### DATA BELOW:
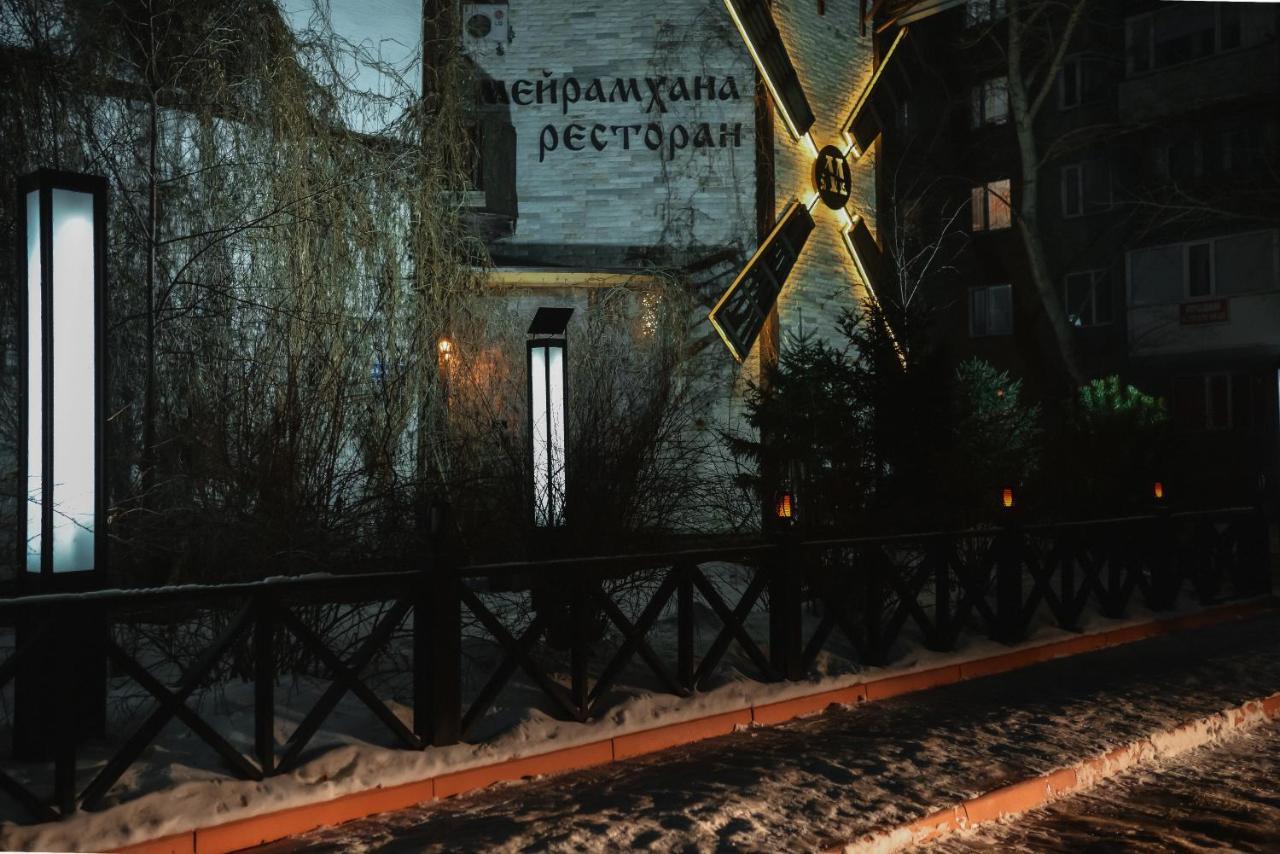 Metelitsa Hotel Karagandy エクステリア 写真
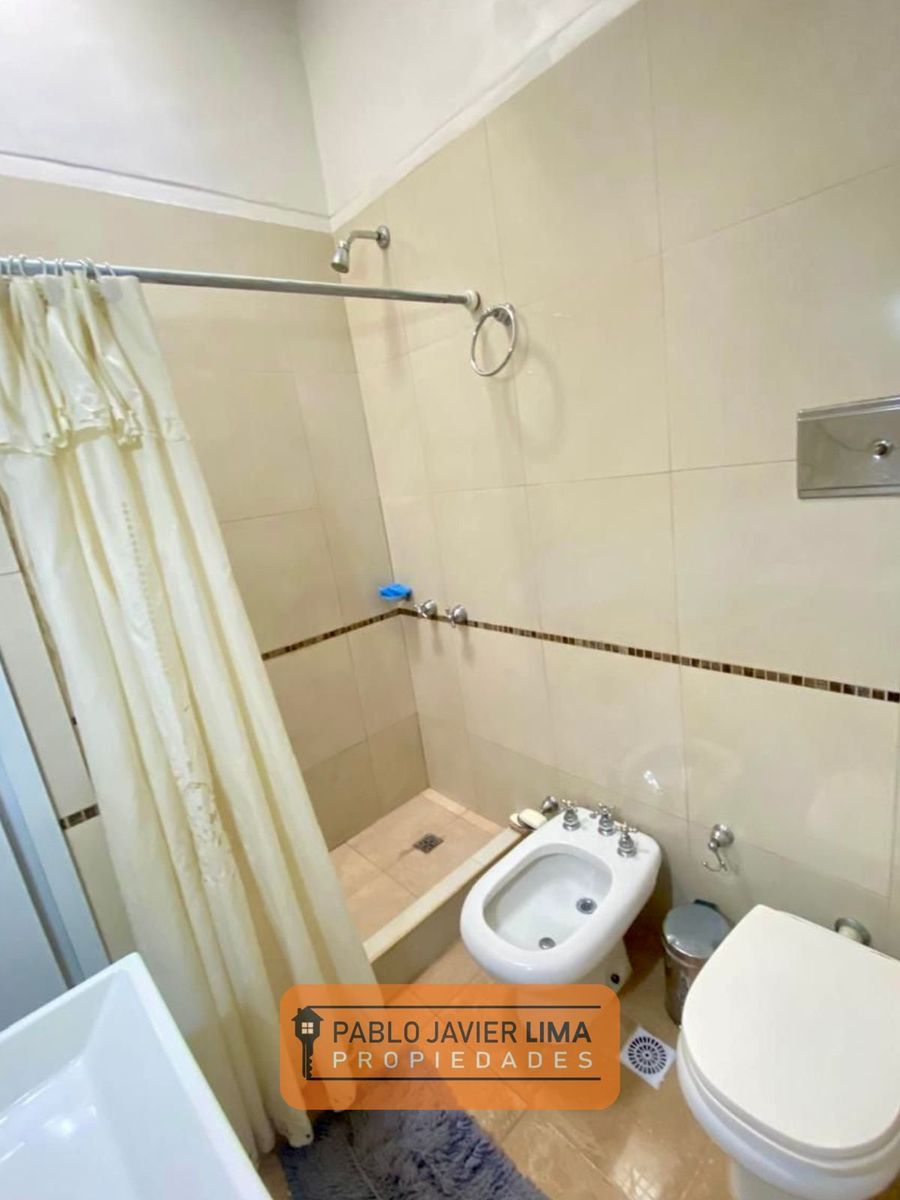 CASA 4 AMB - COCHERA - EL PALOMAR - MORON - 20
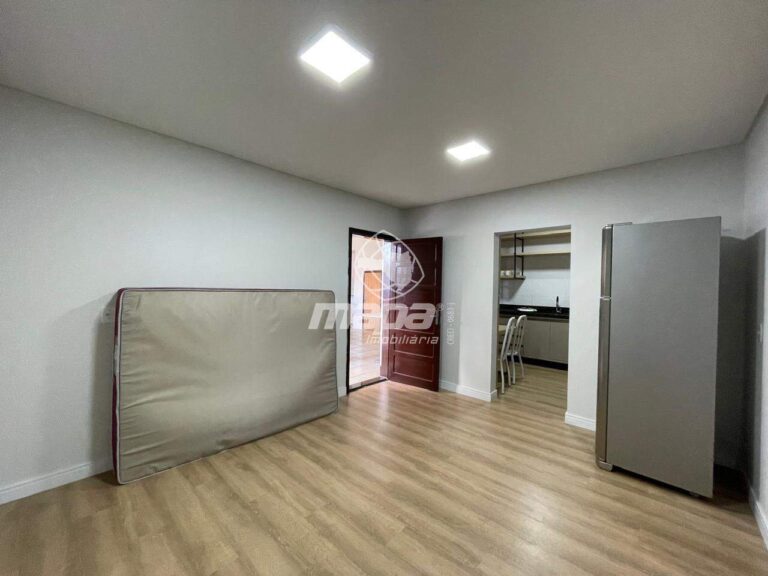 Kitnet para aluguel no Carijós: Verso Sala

### ACTIVITY:
Every line of the material above should be repeated exactly, except for the pictures.

### EXERCISE ANSWER:
 Metelitsa Hotel Karagandy エクステリア 写真
 CASA 4 AMB - COCHERA - EL PALOMAR - MORON - 20
 Kitnet para aluguel no Carijós: Verso Sala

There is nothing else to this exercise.